PROVIDED DATA Block Start
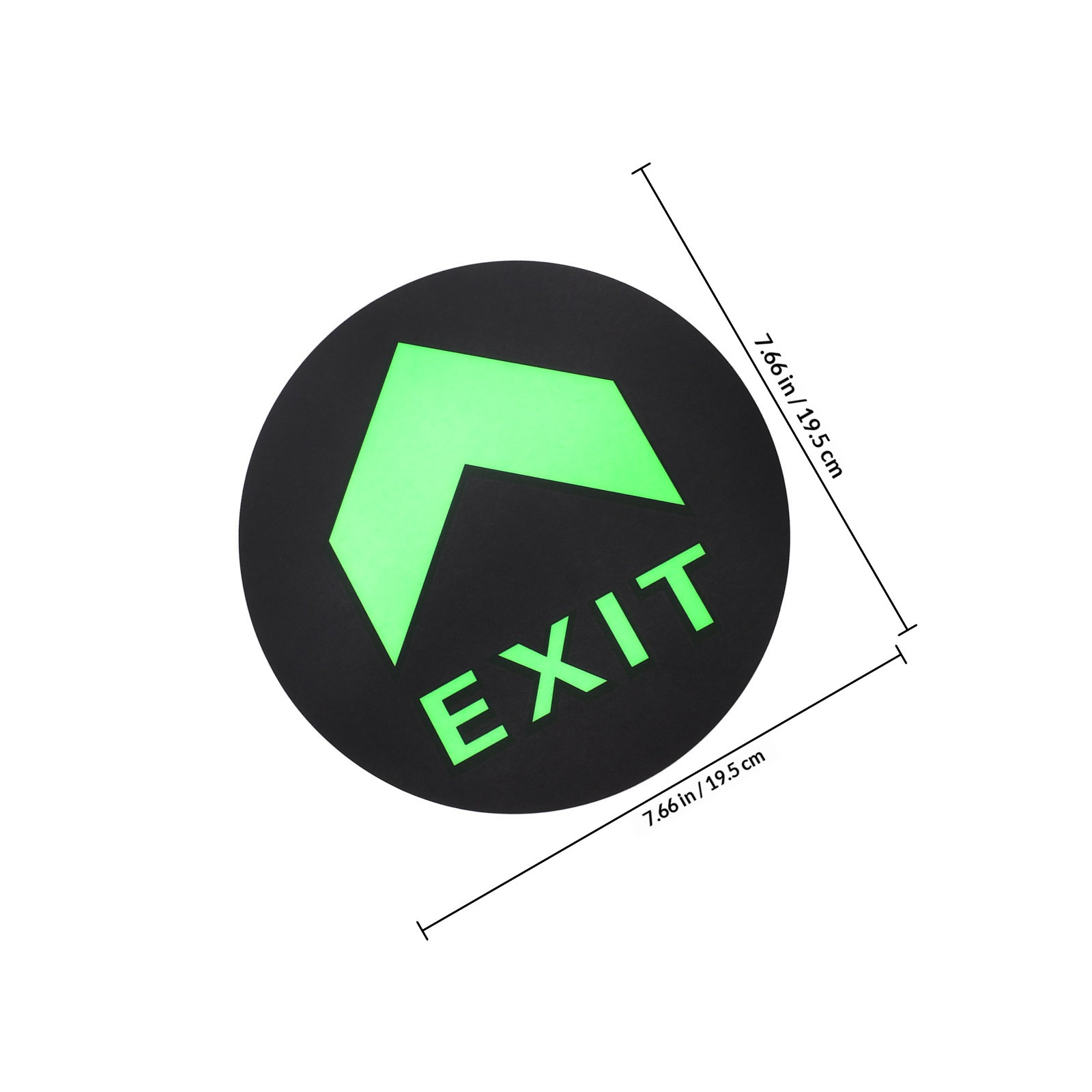 5Pcs Exit Glow Safety Sign Flo - مراجعة Emergency Exit Sign وسعره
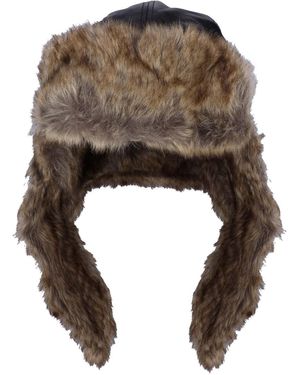 KTZ Accessories Image Leather Trapper Hat - Brown
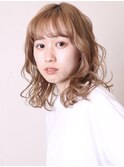 似合わせカット20代30代40代50代ワイドバングレイヤーミディ0403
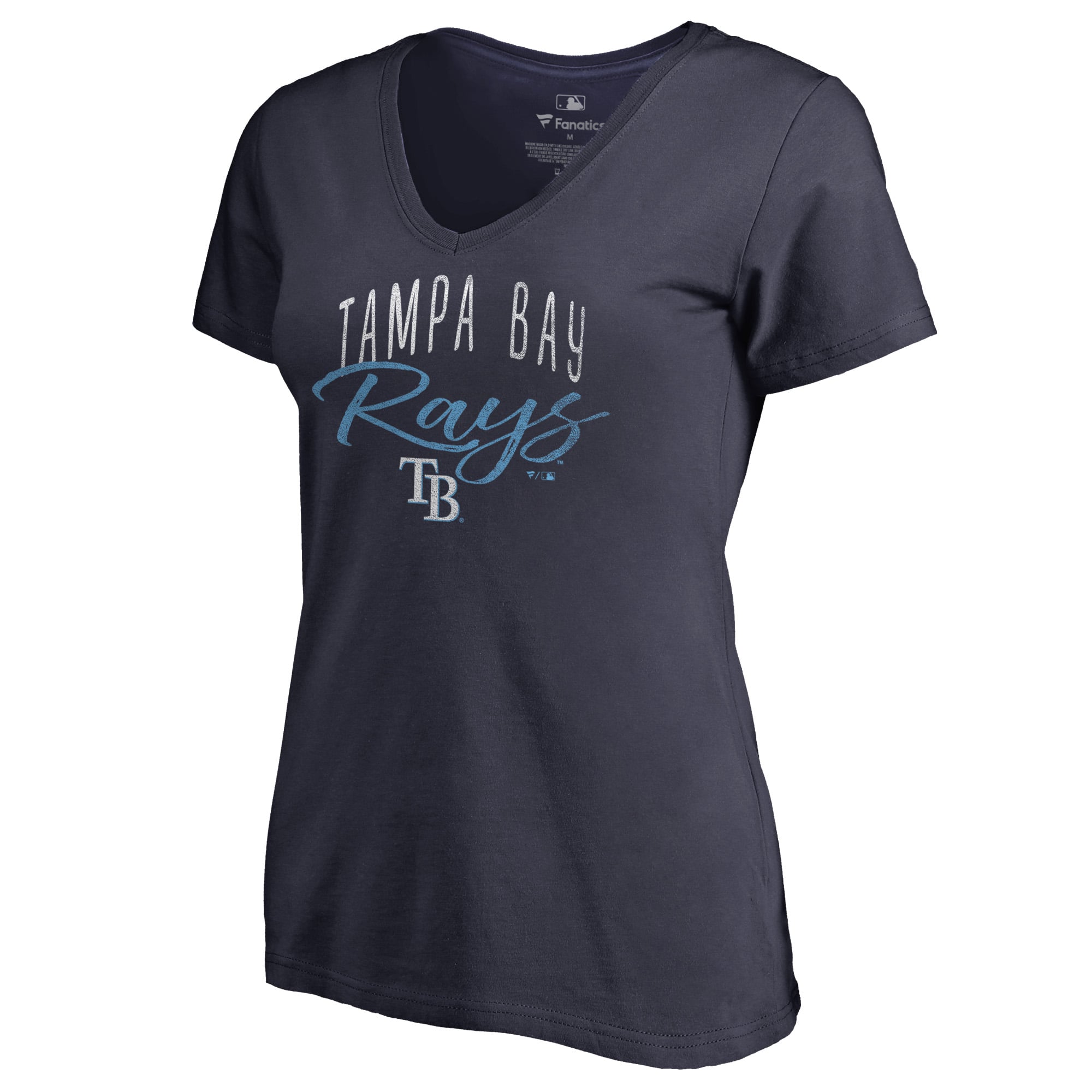 Women's Navy Tampa Bay Rays Graceful V-Neck T-Shirt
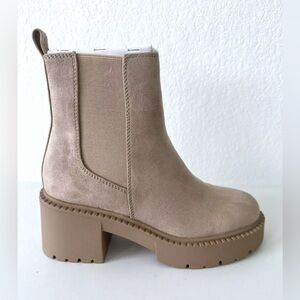 Madden Girl Trust Lug-Sole Chelsea Booties  -Dark Taupe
PROVIDED DATA Block End
(TASK BRIEF):
Return exactly the lines that begin with the one containing "KTZ Accessories Image" and end with the final line of the data above; include no pictures.

(RESULT OF THE EXERCISE):
 KTZ Accessories Image Leather Trapper Hat - Brown
 似合わせカット20代30代40代50代ワイドバングレイヤーミディ0403
 Women's Navy Tampa Bay Rays Graceful V-Neck T-Shirt
 Madden Girl Trust Lug-Sole Chelsea Booties  -Dark Taupe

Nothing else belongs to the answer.